Task details » Please return every line of the material verbatim and skip any images.

The data »
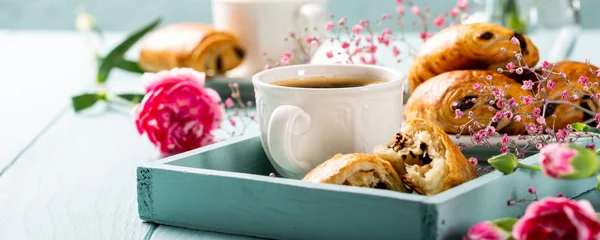 Mini fresh croissants bun — Stock Photo, Image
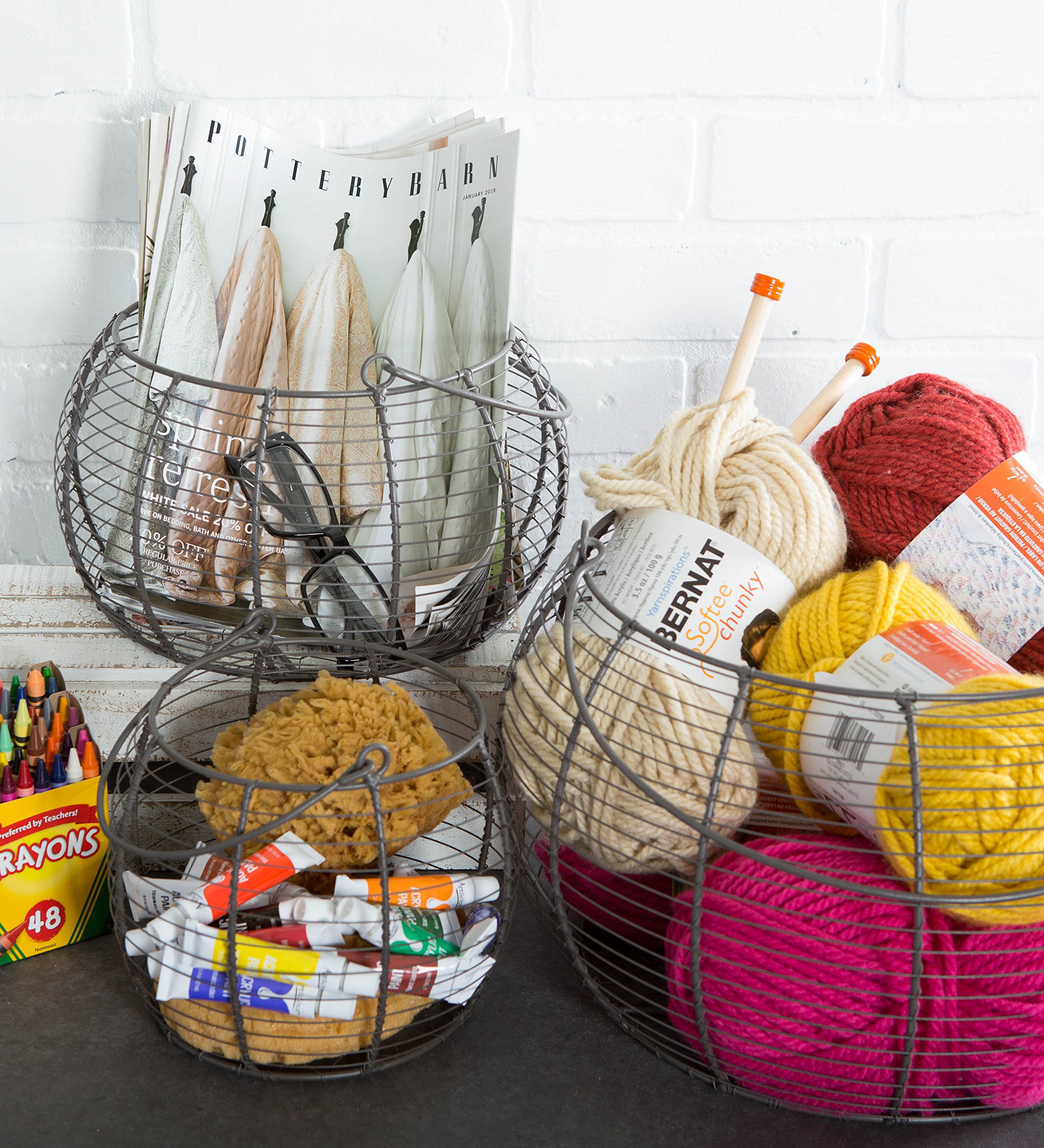 DII Vintage Wire Storage Baskets, Egg Basket Set, Rustic 3 Piece - Image 7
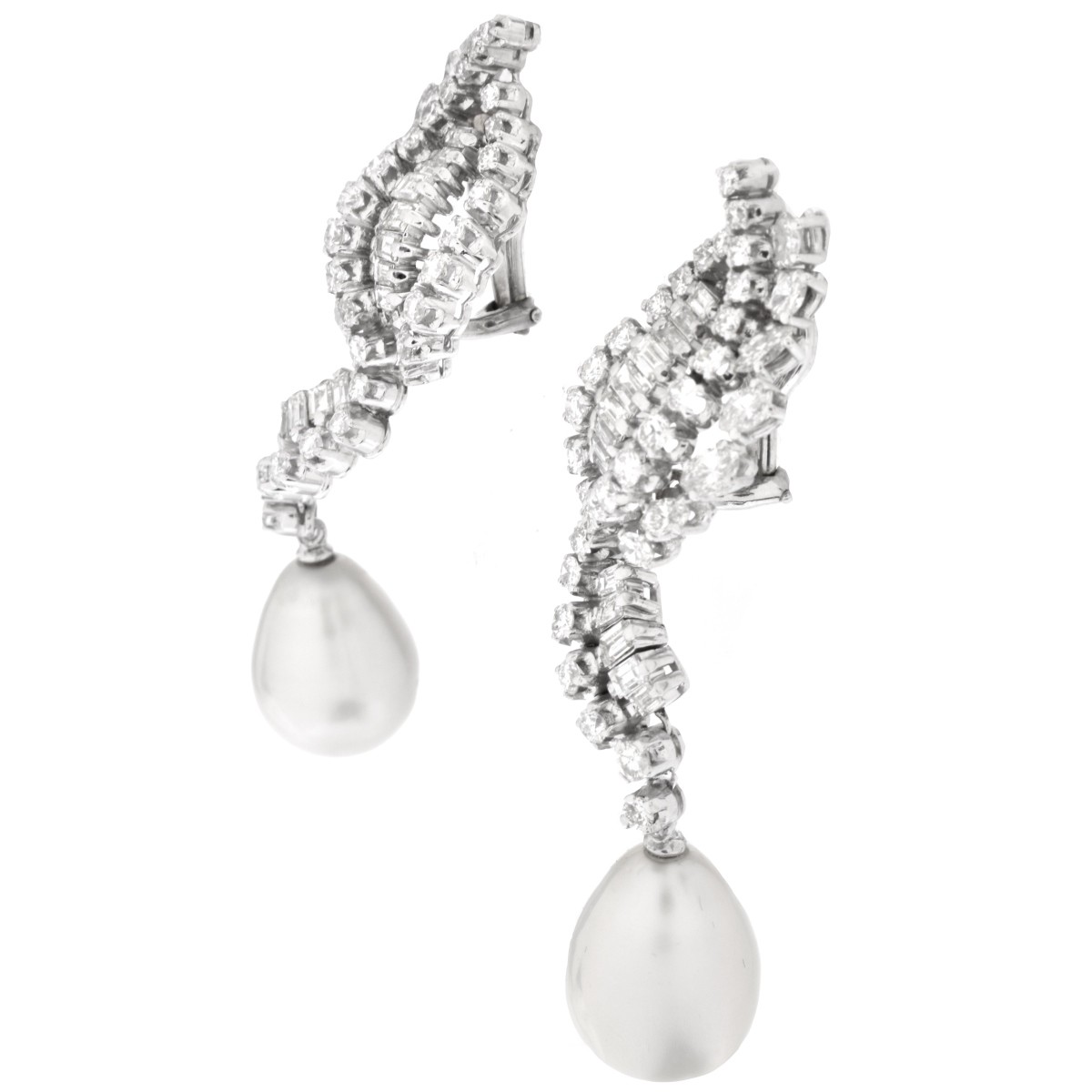 Diamond, Pearl and Platinum Earrings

Worked solution »
 Mini fresh croissants bun — Stock Photo, Image
 DII Vintage Wire Storage Baskets, Egg Basket Set, Rustic 3 Piece - Image 7
 Diamond, Pearl and Platinum Earrings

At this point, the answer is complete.